TZADIKIM NISTARIM– part 5

25.

She is a clerk in a city bookshop, and since she has an MFA, she specializes in books about music and art. Customers always ask for her when they want to find the perfect recording to give to an aunt who loves opera, or the perfect coffee-table book about the pre-Raphaelites.  She lives alone in a one bedroom apartment two blocks away from the bookshop, over a stationery store, and she has a tiny, elderly dog whom she rescued from a high-kill shelter five years ago. She lives very modestly, without a car or television or computer, though she has an excellent, though compact, sound system. Once a week, she takes the night shift at a shelter for homeless teenagers, and she gives a third of her income to support the shelter and the local food pantry. She also attends AlAnon meetings twice each week, in the basement of the synagogue on the corner.

26.

He’s a high school senior in a small-town union high school. He’s not an athlete, nor especially gifted academically, though he is a solid B student. He isn’t part of the crowd of “popular” students, although he has a good circle of friends who, like him, are creative and funny.  He lives with his parents and twelve-year- old sister in a double-wide on the edge of town. Both his parents work odd hours, so he does most of the cooking for his sister and himself, and he keeps an eye on her after school.   During his junior year, he came upon a group of people teasing one of the special education students who attend his school, and he put an end to the teasing, and defused the situation. He also has a knack for stopping fights before they become violent. This has been noted by one of his teachers, who is encouraging him to go on to work with troubled teens.
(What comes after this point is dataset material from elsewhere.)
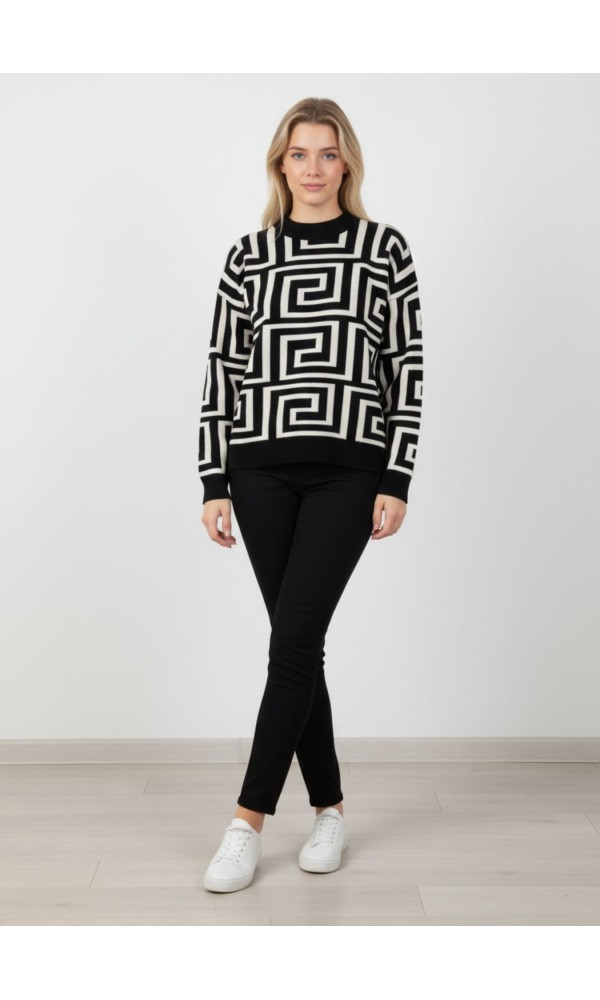 Πλεκτή Μπλούζα Με Γεωμετρικό  Μοτίβο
He likes that idea, and has decided that if he can’t get a scholarship to college, he will work for a couple of years on his uncle’s farm, and then become a classroom aide. He plays the ukelele.

27.

She is the music director in a large church, responsible for two choirs, music for all the services, and a concert series. She is also in demand as an organ soloist and a teacher, and has several advanced students, although her favorite students are the beginners. She loves music, especially Bach and Fauré, and she loves her work. God, she believes, is best known through music, and she once told her husband that if she had to choose between music and God, she would choose music. Her choristers respect her and always give her their best because, as one soprano says, “She cares so much—not just about the music, but about us.”  Her husband is the principal cellist in the city symphony orchestra, and they have one daughter who is in junior high school and plays the clarinet. She has a dry sense of humor, and privately considers the disbanding of the church’s handbell choir one of her greatest accomplishments.

28.

He was born again two years ago when he attended a revival meeting at a Baptist church in the suburban neighborhood where he lives in a duplex with his girlfriend. The early glow has worn off, but he still feels the love of Jesus in his heart. His girlfriend, a massage therapist and yoga teacher, calls herself a secular Jew, and is bemused by his religious fervor, although she loves him dearly and does not make fun of him. He attends a community college, hoping to get a degree in management. To pay the bills now, he is a picker in the warehouse of a large catalogue company. But in the back of his mind, he is always singing hymns and saying prayers for the world, especially for the people whose orders he is filling. His co-workers are very fond of him. He does not proselytize, but they know that he’ll pray for them if they ask him. He likes to bake, and often brings homemade cookies to share at breaks.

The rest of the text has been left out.